-- WHAT IS NEEDED --
Only the lines of the listing below that run from the line with "Major-General Bishop inspecting" through the line with "Geaux Tigers Beaded" are to be set down, word for word. Pictures stay out.

═══ GIVEN INFORMATION

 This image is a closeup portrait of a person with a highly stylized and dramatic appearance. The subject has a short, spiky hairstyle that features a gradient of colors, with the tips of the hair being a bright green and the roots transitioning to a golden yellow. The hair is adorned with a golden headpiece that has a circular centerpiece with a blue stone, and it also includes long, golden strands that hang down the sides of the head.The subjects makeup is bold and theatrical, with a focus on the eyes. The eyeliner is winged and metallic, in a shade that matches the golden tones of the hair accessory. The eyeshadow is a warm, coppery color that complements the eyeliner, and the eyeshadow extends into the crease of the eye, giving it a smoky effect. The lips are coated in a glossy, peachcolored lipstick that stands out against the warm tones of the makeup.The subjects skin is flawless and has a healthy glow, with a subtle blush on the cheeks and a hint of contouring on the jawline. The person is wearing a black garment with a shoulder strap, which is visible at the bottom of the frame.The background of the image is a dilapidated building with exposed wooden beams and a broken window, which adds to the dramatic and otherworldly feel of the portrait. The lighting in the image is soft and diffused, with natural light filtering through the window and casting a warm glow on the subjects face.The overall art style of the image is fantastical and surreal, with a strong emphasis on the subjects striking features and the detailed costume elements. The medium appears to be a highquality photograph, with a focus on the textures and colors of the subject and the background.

══════
═══ GIVEN INFORMATION

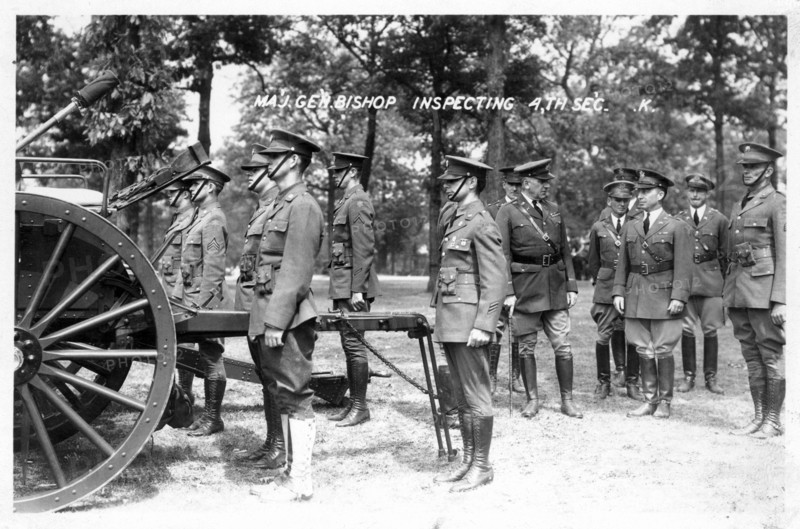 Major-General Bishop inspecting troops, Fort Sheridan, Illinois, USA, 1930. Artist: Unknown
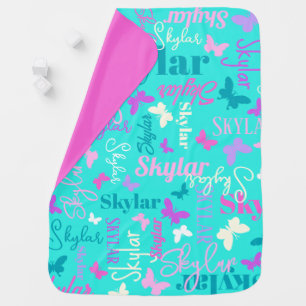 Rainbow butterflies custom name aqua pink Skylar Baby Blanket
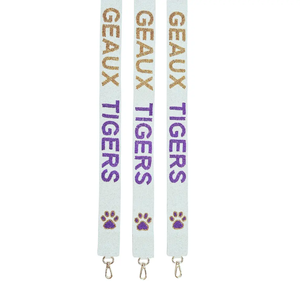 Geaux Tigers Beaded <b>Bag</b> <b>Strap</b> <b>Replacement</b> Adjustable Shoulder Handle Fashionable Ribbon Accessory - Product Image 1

══════

-- TASK SOLUTION --
 Major-General Bishop inspecting troops, Fort Sheridan, Illinois, USA, 1930. Artist: Unknown
 Rainbow butterflies custom name aqua pink Skylar Baby Blanket
 Geaux Tigers Beaded <b>Bag</b> <b>Strap</b> <b>Replacement</b> Adjustable Shoulder Handle Fashionable Ribbon Accessory - Product Image 1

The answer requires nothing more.